Learning together: no one has a one-size-fits-all solution

The work on the bridge over the Odaw is part two of the task that Kirschke and Schmidtke are carrying out in Accra. It all began a few days earlier with a workshop for interested parties from various areas of society. During the workshop, an intensive exchange took place on the monitoring of micro- and macroplastics in flowing waters. How can the amount of microplastics and macroplastics transported by a watercourse be measured? 

Which methods and equipment are suitable for these measurements, even with few resources? And most importantly for Kirschke and Schmidtke: how can citizen science be integrated here in a sustainable and long-term manner? It's about learning together. Nobody has a one-size-fits-all solution. They worked together to find the best possible solutions. What they have learned is now being put to the test on the bridge over the Odaw. For the teachers involved, for example, it turns out that it is actually easy and safe to retrieve bottles and other macroplastics from the flowing water using nets and to estimate their respective quantities in the river.

"They want to continue using these methods with their pupils in the future," says Lea Schmidtke happily. And there is even more reason to be happy.
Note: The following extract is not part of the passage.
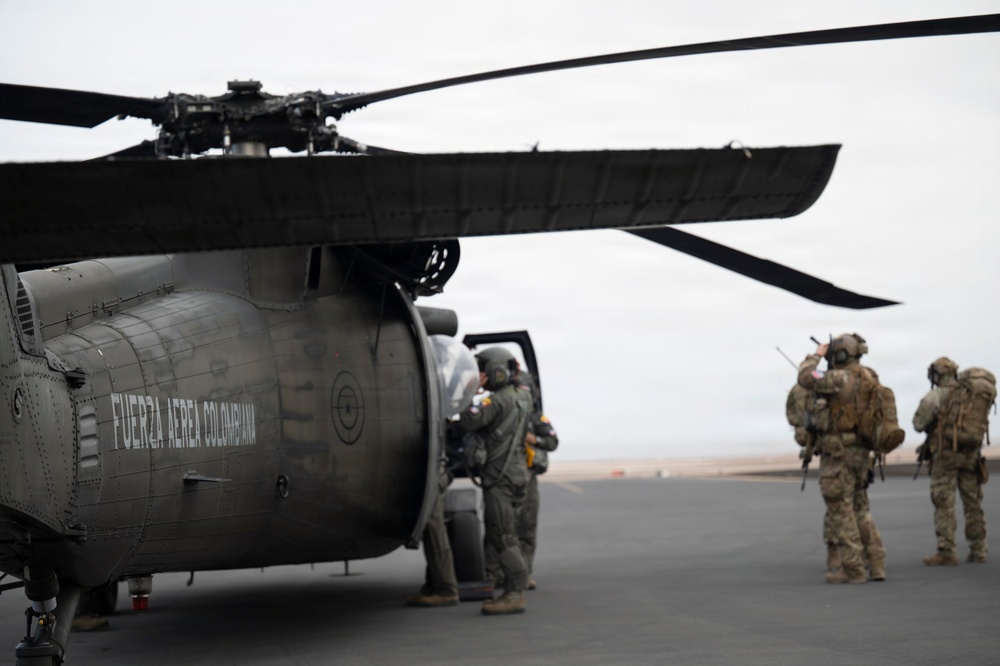 U.S., Chile and Columbia join together for special warfare training during Exercise Salitre 2026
When monitoring on curious members of the public keep coming by the bridge and want to know what is happening there. The two museum employees get into conversation with many people, sometimes with their hands and feet.

The reactions to what is being done here are very positive. People very much welcome the fact that the measuring methods used here are to be passed on to the schools by the teachers. They all hope that the project will improve the situation, meaning less plastic waste in their environment in the future, a hope that Lea Schmidtke also shares, "after all, the waste that ends up in Accra also comes from Europe". In terms of raising awareness, some people may be thinking about the problem of plastic waste for the first time in their lives.

Inquiries from other African countries

A few days later, back in Berlin, Sabrina Kirschke and Lea Schmidtke take stock of their stay in Accra. It should be noted that the citizen science approaches they brought with them were seen there as an important solution strategy. Conversely, a lot was also learned in Accra that can be used for the further development of Citizen Science in Germany.

Both will also remember the very committed, unusually friendly and open people in Accra, "not least our local project partner Kwame Duah Anhwere from the TAHMO organization, without whose great support none of this would have been possible," adds Lea Schmidtke.

The success of the project can also be seen from the fact that there have been further inquiries from other African countries who also want to do something about the problem of their plastic waste.